Among the challenges, Kioxia’s senior management would prefer going public, officials in the Japanese government are concerned about losing control of a chipmaker and Chinese regulators are likely to block a U.S. takeover, according to people familiar with the matter. Kioxia plans to file for its initial public offering as soon as next month to capitalize on strong investor demand for chip stocks, said one of the people, asking not to be named because the matter is private.

Western Digital and its bankers have been aggressive in pitching a deal, offering a high price and describing it as a merger, the people said. Bain Capital, which controls Kioxia along with Toshiba, is open to a combination, one person said.

Political opposition may be the biggest hurdle. Japan’s government has always been protective of its high-tech companies and the powerful Ministry of Economy, Trade and Industry helped decide the bidding war four years ago when Toshiba sold a controlling stake in the chips unit to the Bain-led consortium.

One faction at METI is open to discussing a Western Digital deal, but another faction opposes a sale, one person said. Japan’s government has been planning to invest billions of dollars into fostering the domestic semiconductor industry, so losing control of its most prominent chipmaker would seem to be in conflict with that goal.

METI hasn’t decided whether to approve the deal. Prime Minister Yoshihide Suga and Akira Amari, the politician championing local semiconductor investment, will likely make the final decision, one person said.

China is a bigger hurdle. Beijing has been increasingly resistant to approving acquisitions by American companies as tensions with the U.S. government surge. Chinese regulators have yet to approve Nvidia Corp.’s proposed acquisition of SoftBank Group Corp.s Arm Ltd. -- with many analysts proclaiming the deal effectively dead.

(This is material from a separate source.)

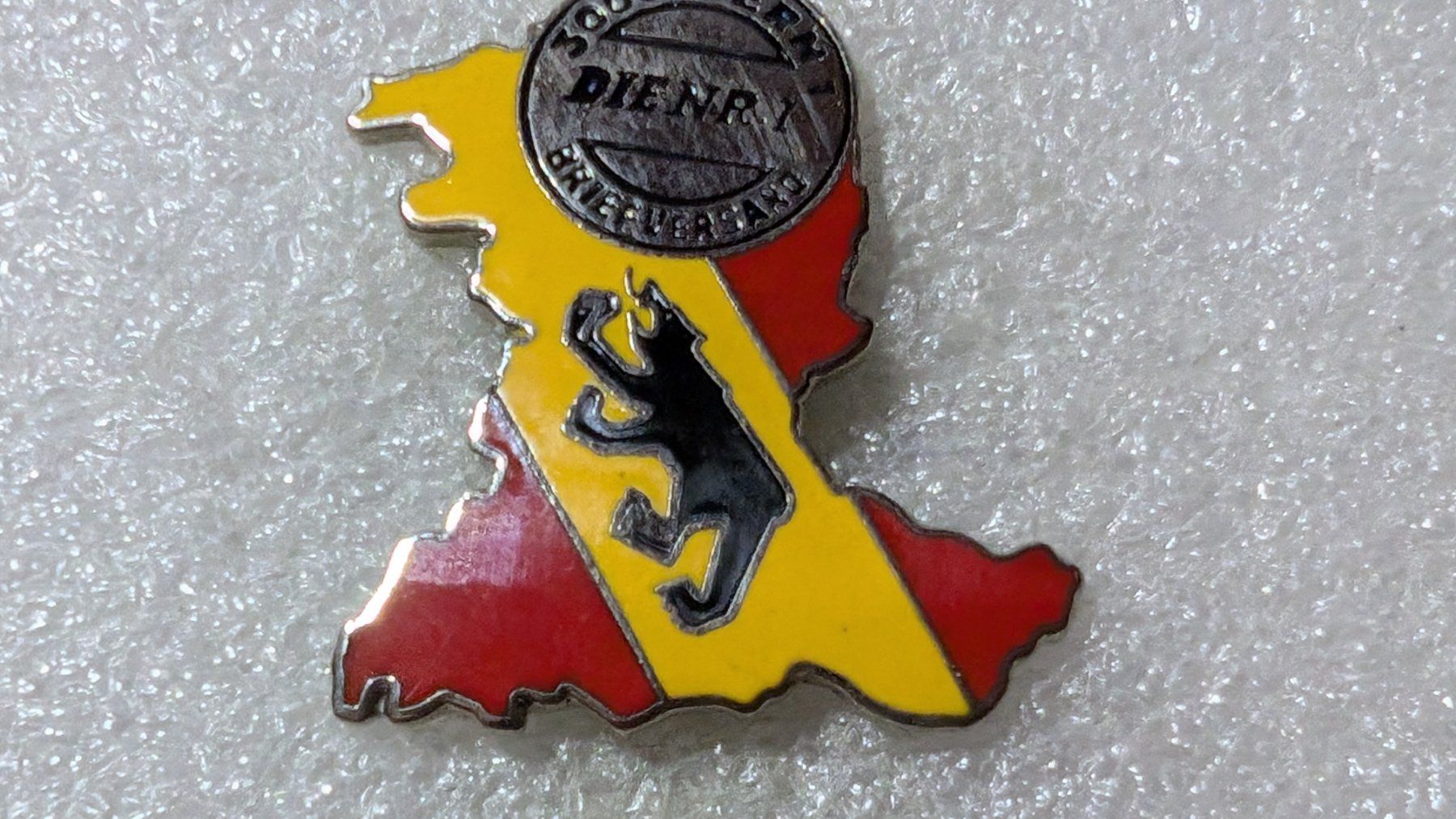 Placchette & Badge: Ansteckpin 210: PTT Bern – Usato da Oppligen venduto da Pin-Fall-Shop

Chinese approval of a Kioxia sale could also prove problematic. If the memory chip manufacturer falls into the hands of an American company, it would be directly subject to any restrictions on sales determined by President Joe Biden’s administration. Kioxia’s management risks getting tied up in a merger deal that China could review for a year or two -- and then reject.

The deal has zero merit to Kioxia,” said Akira Minamikawa, an analyst a Omdia.

He pointed out that Kioxia and Western Digital already cooperate on the production of NAND flash memory. The American company would likely use its control to shift the balance toward memory chips for personal computers, rather than for smartphones as Kioxia has preferred.

By buying Kioxia, Western Digital wants to change allocation of output for the biggest benefit for the U.S. company,” he said.

The deal is already a stretch for Western Digital financially. The proposed acquisition, which would be done with cash and stock, would value the target at more than $20 billion, one person has said. Western Digital’s market value is just below that level.

Certain factors have changed in favor of a deal since Western Digital failed in its bid four years ago. Chief Executive Officer Steve Milligan, who led the charge at that time and infuriated top executives at Toshiba, left his post last year. Yasuo Naruke, the former CEO of Toshiba Memory who forcefully fought the takeover, passed away last year.

Relations between the two companies are less bitter, but not warm. Milligan’s replacement is David Goeckeler, who has been floated as the likely candidate to run the combined company.

But Kioxia has not yet agreed on who will take the CEO job or which top executives would lead the management, one person said. The structure has also not been determined.

Japanese financial institutions, which would likely be needed to finance a deal, have not been involved yet, the person said. Financing would have to be worked out after the structure of the deal is finalized.